25 May 2021

Dirty Plotte by Julie Doucet (No. 96)


Dirty Plotte #1-12 (1991-1998)
by Julie Doucet

REVIEW BY BART BEATY:
(from The 100 Best Comics of the Century!, The Comics Journal #210, 1999)
Of all the autobiographical cartoonists to have emerged onto the scene in the 1990s, perhaps none has come so far or accomplished so much as Julie Doucet. Her most recent work, and her first lengthy story, My New York Diary, was a tremendous accomplishment, managing simultaneously to vastly expand her reach as a cartoonist while at the same time sacrificing none of the charms of her earliest work.

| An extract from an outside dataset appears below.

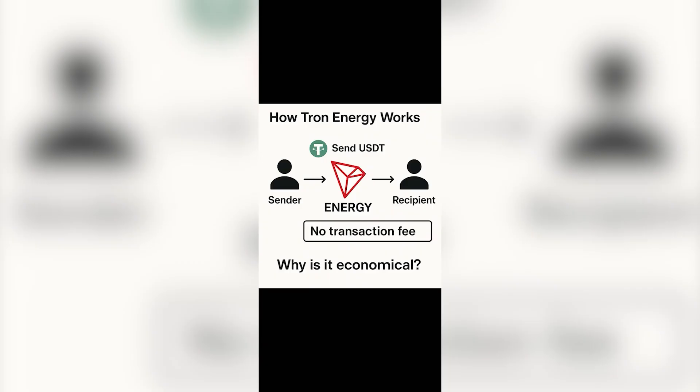For people who move USDT frequently — manage investor funds, arbitrage, pay partners or employees — this makes a huge difference. You save money, your TRX stays in your wallet, and every transaction becomes predictable in cost. That's why renting energy is not just convenient, it's financially smarter.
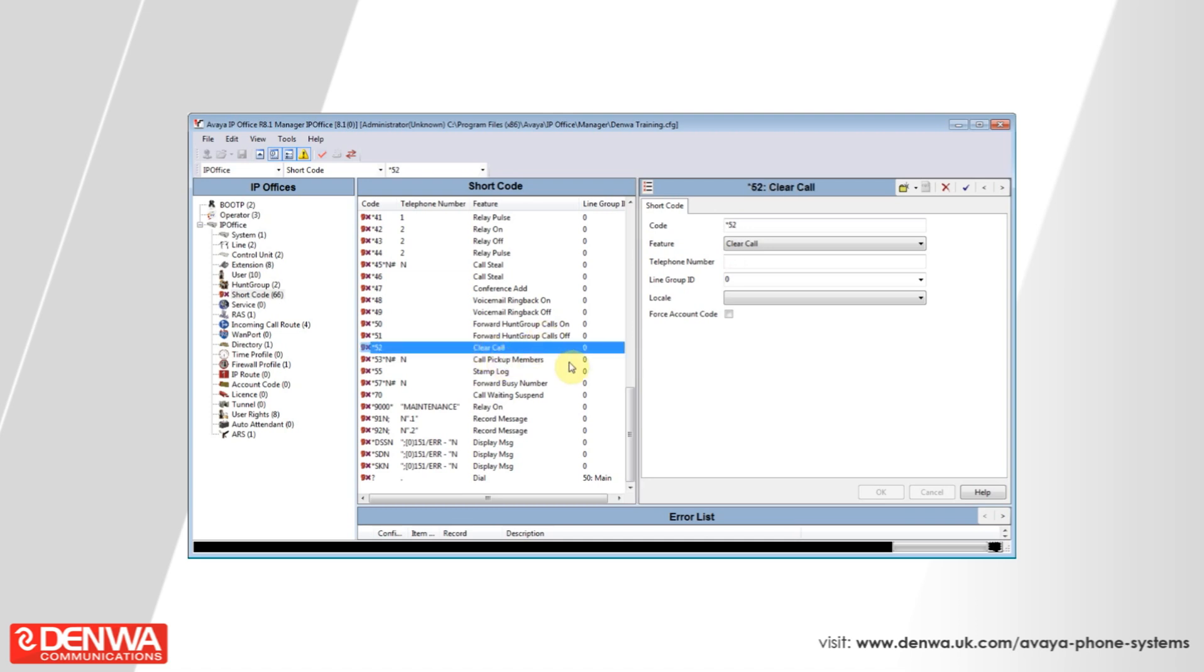I hope you've enjoyed this quick introduction to Avea shortcodes. Please feel free to get in touch with us should you have any further queries or if you'd like to arrange for a free demonstration of the system.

Dirty Plotte began life as a fairly crude little mini-comic featuring stories of self-abasement, destruction and debauchery. Before long Doucet had transformed her work into a full-sized American-style comic book without changing its thematics and tone. The earliest issues of the series have a ferocious intensity about them, but the savagery is tempered by a sometimes whimsical sense of humour and an approach to confessional story-telling that is equally self-depreciating and self-aggrandising.

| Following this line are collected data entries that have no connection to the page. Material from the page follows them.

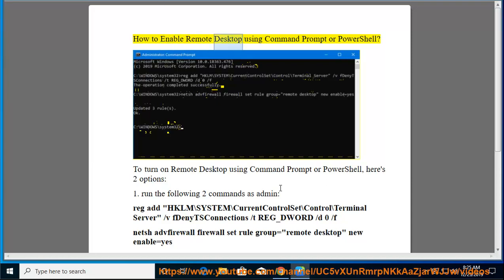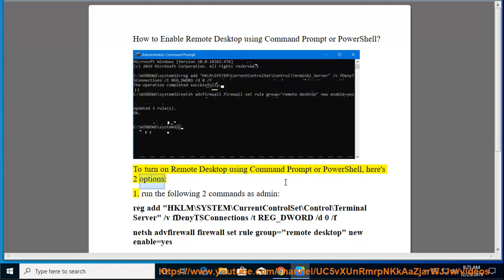How to enable Remote Desktop using Command Prompt or PowerShell. To turn on Remote Desktop using Command Prompt or PowerShell, here are two options. Run the following two commands as admin.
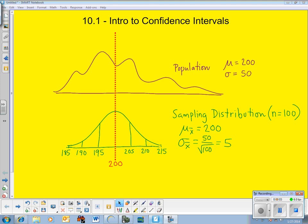Today we're going to first see the confidence interval. This semester we're going to focus on two huge topics: the confidence interval and the hypothesis test — we're going to do hypothesis testing next. We're going to do confidence intervals with this video. Chapter 10 introduces us to both of these ideas; they're basically called inference if you want to sum it all up with one term.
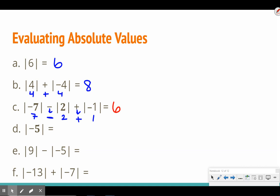Letter D: the absolute value of negative five is just five. Letter E: the absolute value of nine is nine, and the absolute value of negative five is five; subtracting, nine minus five is four. Last one on this screen: the absolute value of negative thirteen is thirteen, the absolute value of negative seven is seven, so thirteen plus seven gives us twenty.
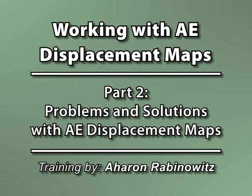Hey, this is Aharon Rabinowitz for CreativeCow.net. In part 1 of my tutorial on displacement mapping, I mentioned that there were a few pitfalls to look out for. Let's talk about those here.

With My New York Diary in the tenth through twelfth issues of Dirty Plotte, Doucet came into her own for the first time. The story of a woman adrift in a new city while caught in a relationship gone not dreadfully but pitiably wrong is evocative and genuinely moving while at the same time it maintains the artist's distinctive visual look, albeit toned down a notch. By de-amplifying her work Doucet has, ironically, given it more resonance.

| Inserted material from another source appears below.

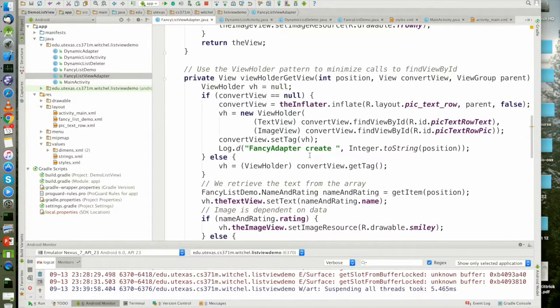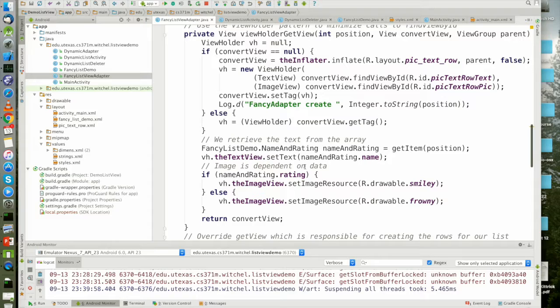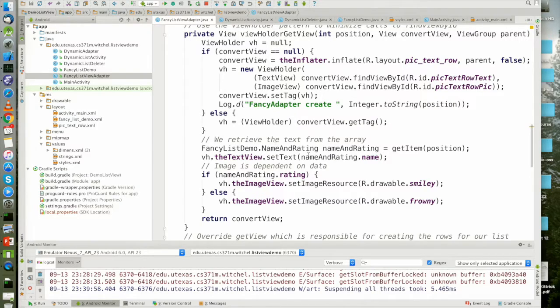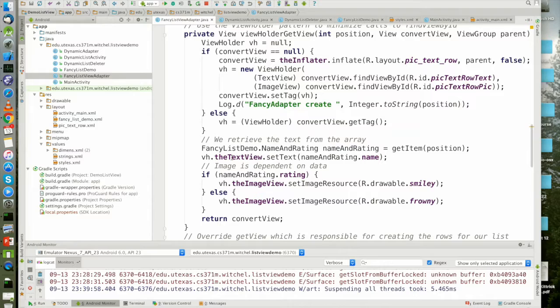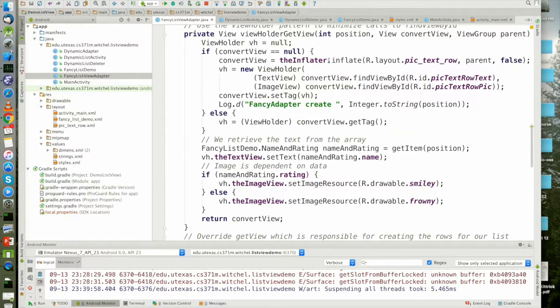Because the view holder is going to hold my views, the view holder. I don't need to call find view by ID in the common case. Just like I don't have to inflate in the common case.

I'd say that Julie Doucet is one of the most promising young cartoonists working today except for the fact that Dirty Plotte demonstrates that that she has accomplished a great deal in comics already. So let's just say that Doucet is one of the best cartoonists working today and leave it at that.


REVIEW BY DAN CLOWES:
These are among the most personal and powerfully intimate comics ever made. In their obsessive, utterly-fearless precision they draw us fully into Doucet's private dream-vision, a gleefully-nihilistic, rageful and tenderly melancholic perspective on a dark and complicated world, the panels so dense with raw anthropomorphous energy they seem more like living organisms than lines on paper.


REVIEW BY ROBERT CRUMB:
Okay, she's not a comic story-teller in the "normal" sense, but her personal vision is honest and compelling... I find her completely sincere, incapable of "structured, linear narratives", sure, but her "stories" are like powerful dreams... I admire her work and sympathise with the crisis she's going through... Her struggle is to continue to draw under the magnifying glass of recognition at a young age, when one is still developing and not so sure of how to get along in the world... I'm happy to see that, while she's drawing less than before (I'm sure she's close to being burned out by the constant barrage of demands for her talents from all sides), it's as good as ever... I thought her latest Dirty Plotte was great! I hope she can make it through the ocean of bullshit that she has to cope with... Even if she has to back off and quit drawing for a while... I hope she's tough enough to survive...


READ THIS BOOK:
Dirty Plotte: The Complete Julie Doucet was published in 2018 by Drawn & Quarterly, which received Eisner and Ignatz Award nominations that year for Best Archival Publication. It collects the entire 12-issue comic book series, including the acclaimed My New York Diary, as well as rare comics and previously unpublished material; a reproduction of the first Dirty Plotte mini comic; essays about her comics legacy and feminist influence by curator Dan Nadel and academic Martine Delvaux respectively; an interview by comics scholar Christian Gasser; and personal anecdotes from Jami Attenberg, Adrian Tomine, and more!